_Aim of the task:_
Please repeat, exactly and without pictures, the lines of the entries below that run from the one containing "Wide Cage Pendant" through the one containing "[BUNJANG] Cat and".
── Material for the task
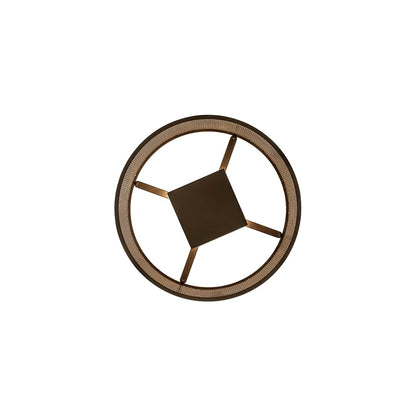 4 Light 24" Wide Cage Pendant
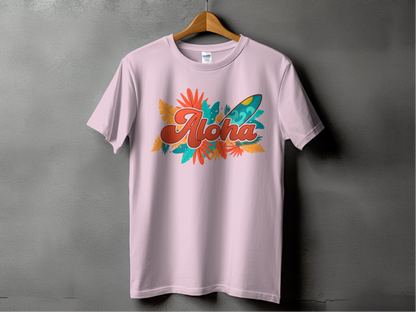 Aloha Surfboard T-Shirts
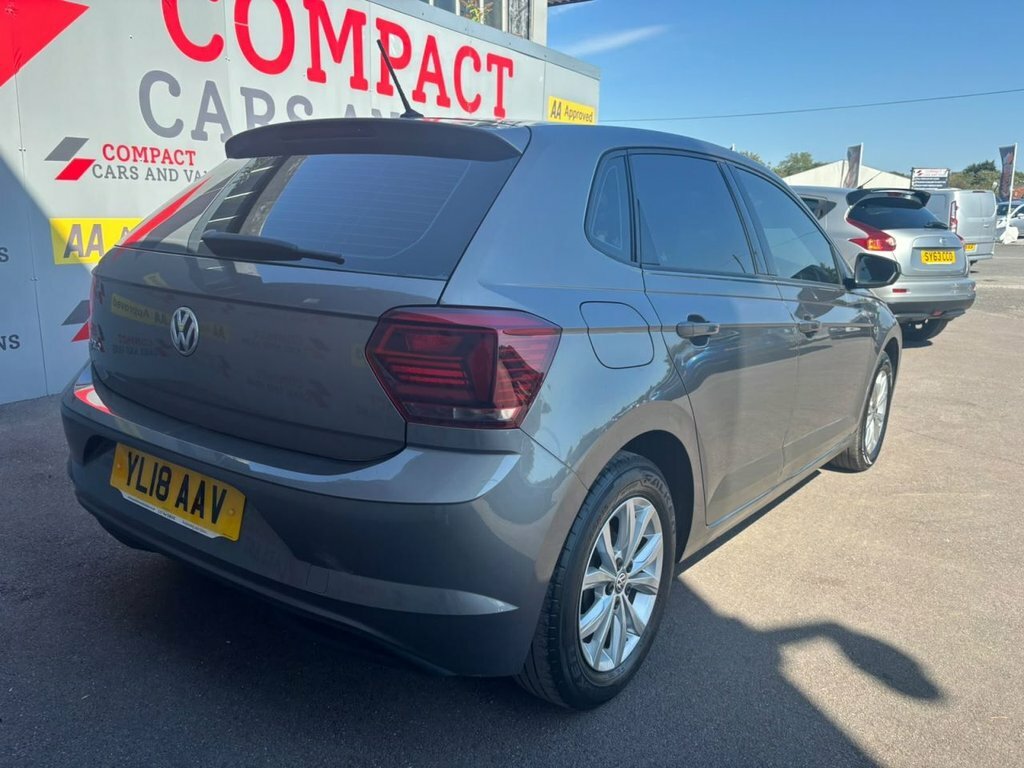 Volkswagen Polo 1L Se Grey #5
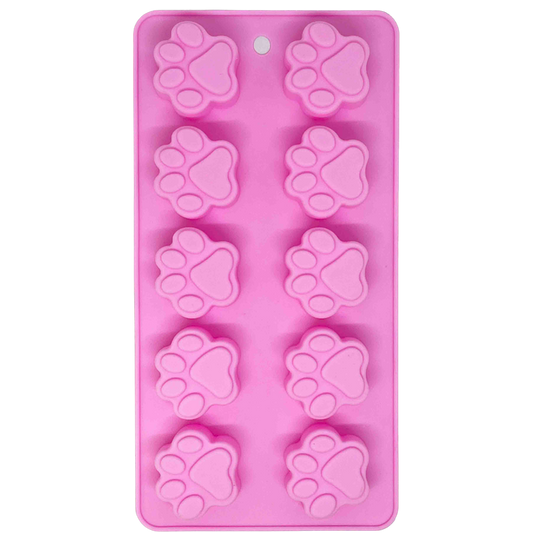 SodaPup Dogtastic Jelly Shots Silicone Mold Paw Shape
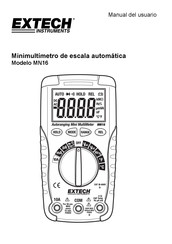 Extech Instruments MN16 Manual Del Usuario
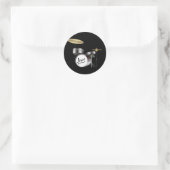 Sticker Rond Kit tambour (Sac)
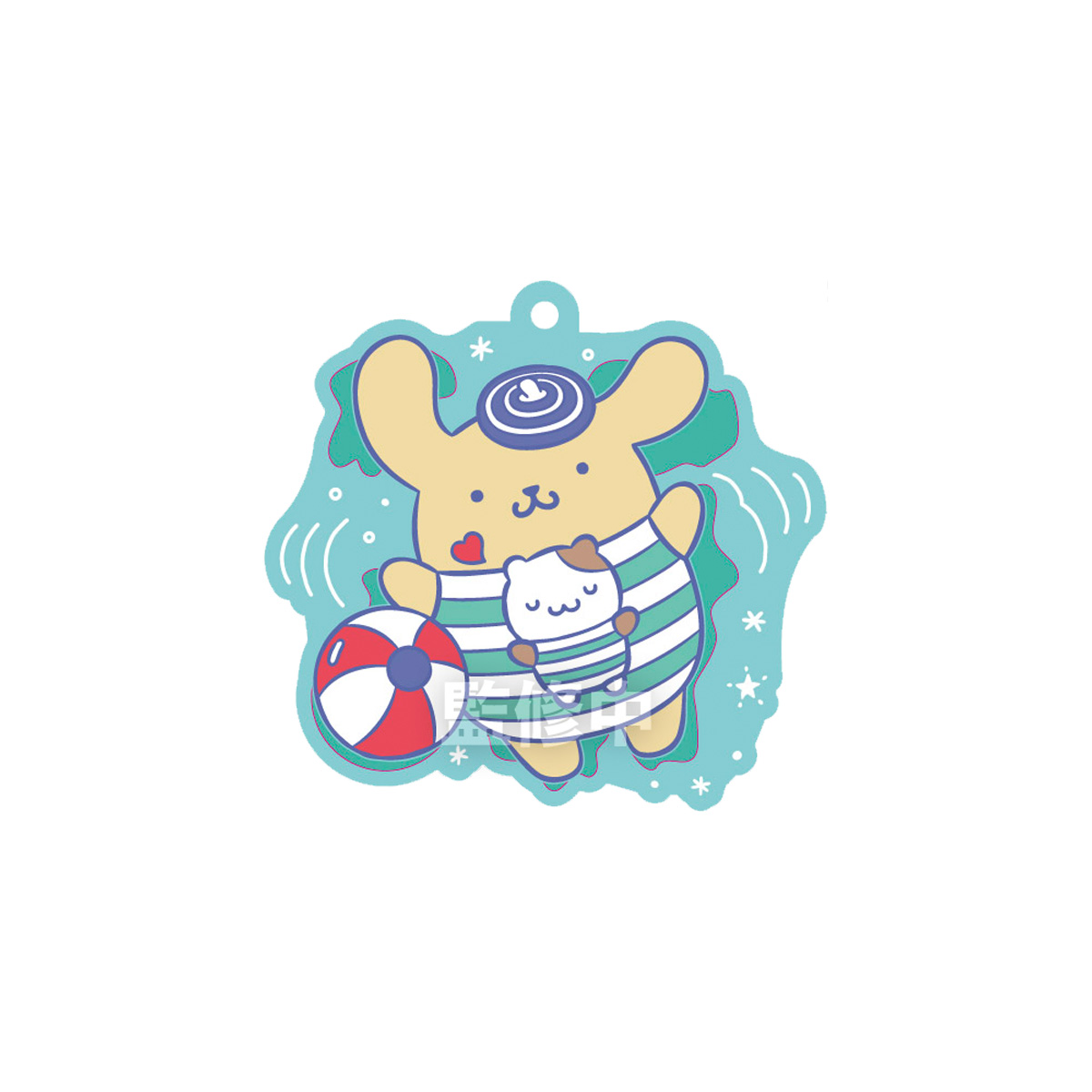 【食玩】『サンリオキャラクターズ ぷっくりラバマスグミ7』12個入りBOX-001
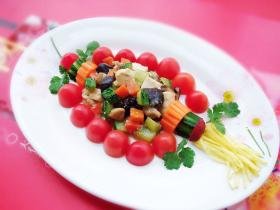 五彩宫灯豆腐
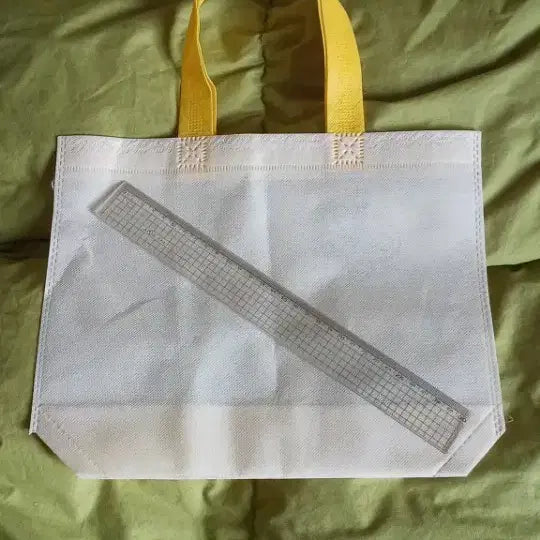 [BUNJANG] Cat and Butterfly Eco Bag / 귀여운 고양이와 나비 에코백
────
── Material for the task
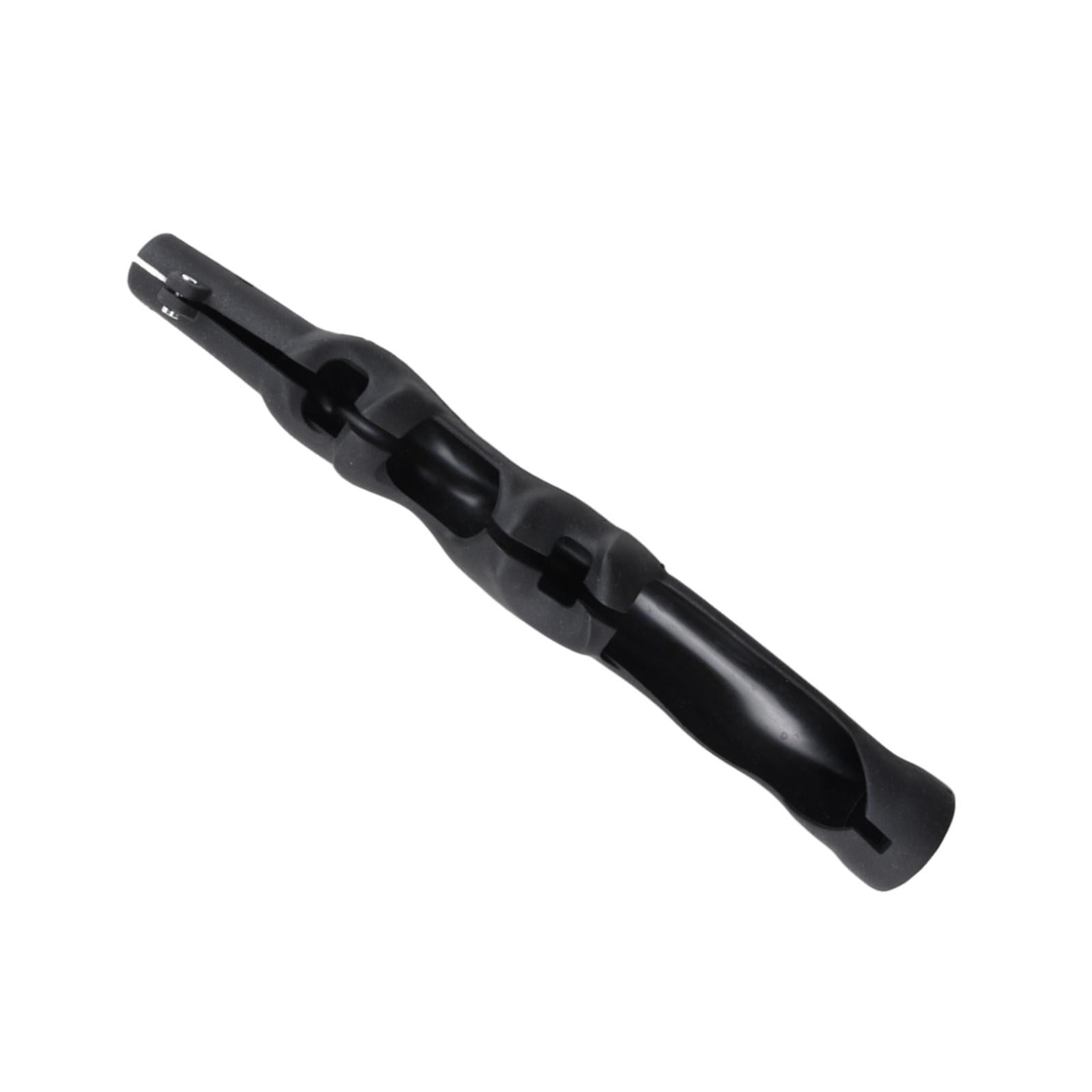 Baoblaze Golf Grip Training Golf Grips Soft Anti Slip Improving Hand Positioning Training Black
────
_Answer for the task:_
 4 Light 24" Wide Cage Pendant
 Aloha Surfboard T-Shirts
 Volkswagen Polo 1L Se Grey #5
 SodaPup Dogtastic Jelly Shots Silicone Mold Paw Shape
 Extech Instruments MN16 Manual Del Usuario
 Sticker Rond Kit tambour (Sac)
 【食玩】『サンリオキャラクターズ ぷっくりラバマスグミ7』12個入りBOX-001
 五彩宫灯豆腐
 [BUNJANG] Cat and Butterfly Eco Bag / 귀여운 고양이와 나비 에코백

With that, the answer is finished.